I'm sure that there is some of the subtext you mention in it—this being DFW, I'm sure there's every kind of subtext imaginable in it—but I'd be more inclined to buy that it wasn't also a fully meant indictment of the author if it weren't part of a pages-long attack that, though it could surely be profitably directed at the genre, is also, to my mind excessively, personal. You can be ironic all you want, but "there's little sign in this narrator of the frontal-lobe activity required for outright deception" is just mean.

2 comments

It sounds as though "just mean" is an obvious impeachment in your view, and if your position is that we shouldn't write and publish mean things, then...well, that's fair.

I'll agree it's mean. But in many ways I think the piece teaches worthwhile lessons by being very specific, which may also be excessively personal. For example, the novel idea of the author occupying a reality that "is not just un- but anti-real" doesn't land without the preceding litany of cliches. That sets up the next couple pages, which asks how we should read this sort of unreliable narrator, and proposes the explanation that maybe she's just that stupid. You objected to this—the "frontal lobe activity" bit—but so did DFW, rejecting that explanation and calling it "literally incredible" then proving it with examples.

I don't think that arc makes much sense in the abstract. And the specificity is even more necessary in the next move, from page 148 to 151, making the larger point about the depth and potential that existed in her specific story. And that, of course, gives us a grounding to consider the broader questions: DFW acknowledges that "neither Austin nor her book is unique" and turns to the central question: why the fact that athletes are "stunningly inarticulate" is "always so bitterly disappointing," which is about the genre.

The conclusion—the last four paragraphs of the piece—isn't just dusting over the meanness. The possibilities discussed on the last page are real ones and also deeply troubling to intelligent people, DFW included, who derive a lot of self-worth from their "interior struggle."

> It sounds as though "just mean" is an obvious impeachment in your view, and if your position is that we shouldn't write and publish mean things, then...well, that's fair.

I was advancing it as a rebuttal to what I took to be the claim that "The author's primary allegiance seems to be to her family and friends" is entirely ironic, which you did not explicitly advance. If you were claiming only that the line was ironic in part (while also being a criticism of the author), then I suppose I can agree with that, but then this:

> Also, that line ("The author's primary allegiance seems to be to her family and friends") is unequivocally ironic. "Seems to be"? As though it's a surprise? DFW knew what he was doing. If anything the line is an indictment of his (and our) indignation at not getting access to Austin's consciousness and lived experience for the cost of a paperback.

doesn't seem like a rebuttal of my claim of savagery (on which I'm not sure we disagree, so that I'm not sure on what we are disagreeing—I didn't say it's not OK to be savage (though I personally find it unappealing here), just that this piece is savage).

Maybe it's wrong, but highly-regarded authors writing really mean reviews of work they consider embarrassingly (for the author of the work under review, had they any shame and the good sense not to subject the public to this, which clearly they do not, is the usual implication or outright statement of the review) terrible or highly over-rated is practically a literary genre of its own.
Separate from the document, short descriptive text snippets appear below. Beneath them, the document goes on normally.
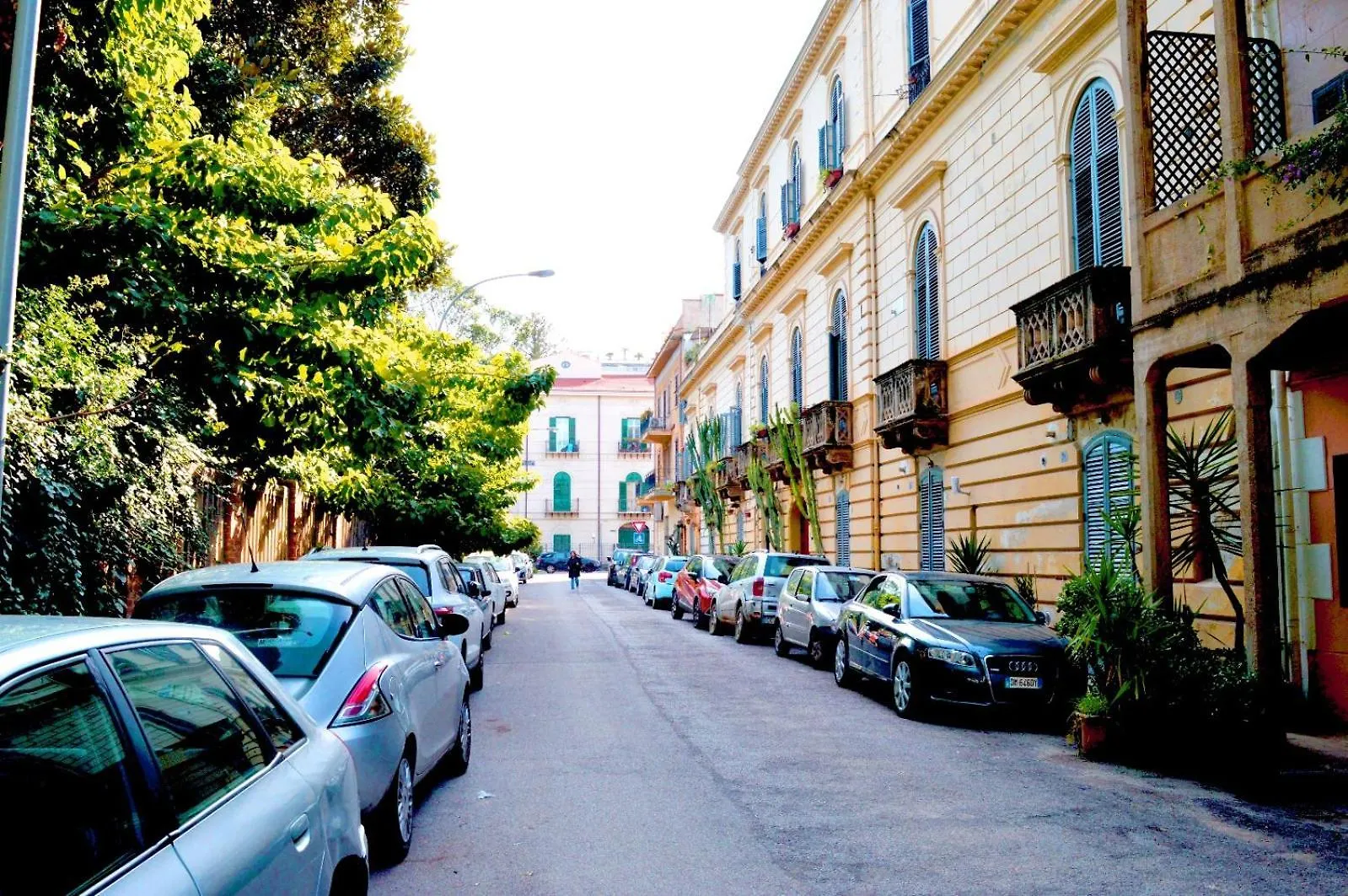 Malfitano House Villa Palermo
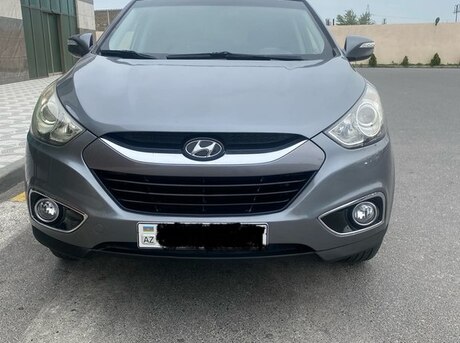 Hyundai ix35 2013
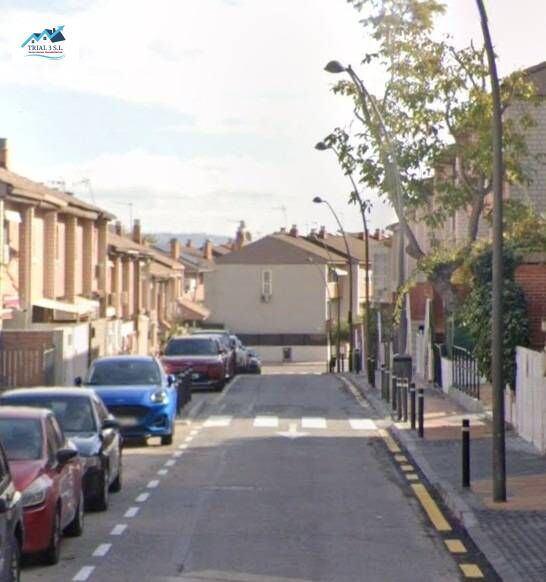 Vista exterior de Casa o xalet en venda en Getafe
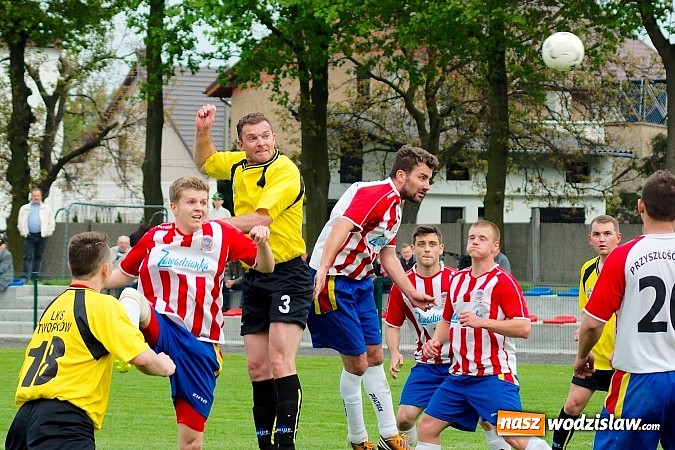 Zdjęcie w galerii na portalu naszwodzislaw.com: Rezerwy Rogowa lepsze od Tworkowa wiadomości z regionu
This hardly stands alone, and is a continuation of a time-honored (if, again, maybe wrong, or bad, or what have you) tradition.

... in fact, much of the tone of writing on the early and mid-period Web was pretty similar, including some that was among the most well-known, and strong backlash against that in favor of gentler writing has only come in the last decade or so. Simply common and normal, hardly meriting comment, then. Perhaps humanity has recently experienced a great moral leap forward.